Rompida de la hora de Andorra (Teruel) 
   Sientes que ahí va a pasar algo especial. Lo ves en los ojos de los padres mirando a sus retoños que ya cargan pequeños bombos proporcionados a su estatura. Lo ves en los jóvenes que desde la rompida de la noche anterior, siguen sin dejar de tocar en toda la madrugada, y desean volver a hacerlo con sus fuerzas renovadas. Se ve en los más mayores del pueblo que no atienden a la cantidad de veces que han acudido a esa misma plaza y nerviosos esperan como si fuera la primera vez que lo hacen. Se siente en el ambiente.
  
   Lo primero que te encuentras cuando llegas a la plaza y te mezclas con toda esa marea negra es un bombo enorme que permiten tocar a los turistas para que sientas el ruido, o mejor dicho para que sientas lo que genera el ruido. Reconozco que no lo he golpeado pero me he quedado con las ganas (para la próxima). Después nos hemos mezclado con todos ellos como si fuéramos parte del previsible alboroto que allí se iba formar y nos hemos visto envueltos y arropados por una cantidad de tamborileros que se multiplicaba cada minuto que pasaba. 
  
   Los sonsonetes seguían sonando pero entonces, justo a las 12.00, desde un balcón del edificio que guarda la plaza, una maza se ha alzado y se ha agitado en el aire haciendo círculos como si fuera el lazo de un vaquero dispuesto a cazar una res salvaje.
  
  

  El silencio ha conquistado la plaza, algún silbido para avisar a los poco tambores que seguían sonando libres que debía cesar su actividad. Al momento, aún sobrecogido por el mutismo de la plaza, la maza ha golpeado el bombo del balcón e inmediatamente todo el pueblo ha seguido ese impacto, reventado los instrumentos que tenía cada uno. El ruido que se ha generado aún me ha sobrecogido más que el silencio previo. Cada golpe coordinado por la marea ha generando sensaciones que no puedo explicar con letras.

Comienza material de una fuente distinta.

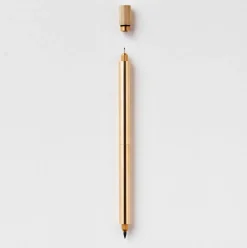 Tom's Studio Cienkopis Lumos Pro Duo - - Brass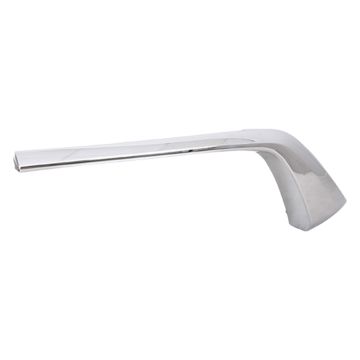 Grille Molding Right Lower Chrome CAPA for Mazda CX-5 2022-2024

Mis pequeños tapándose los oídos, mi mujer no sabía a donde mirar, los ojos llorosos de mi amiga tampoco ayudaban mucho a contener una emoción que sin saber muy bien porque me estaba inundado por completo. Cada impacto se aunaba a mi respiración y aunque la algarabía se ha posado en mis tímpanos casi doliendo, rápidamente ha bajado a mi pecho donde se ha instalado durante todo el rato que allí nos hemos quedado. Sin palabras. De verdad no lo puedo describir.

   Solo me queda recomendaros que por lo menos una vez en la vida, acudáis a vivir este estruendo rítmico, aunque solo sea por saber si alguno puede definir lo que se siente cuando el ruido de la marea negra entra en tu interior.

   ¿Has vivido alguna?¿Puedes describir lo que se siente?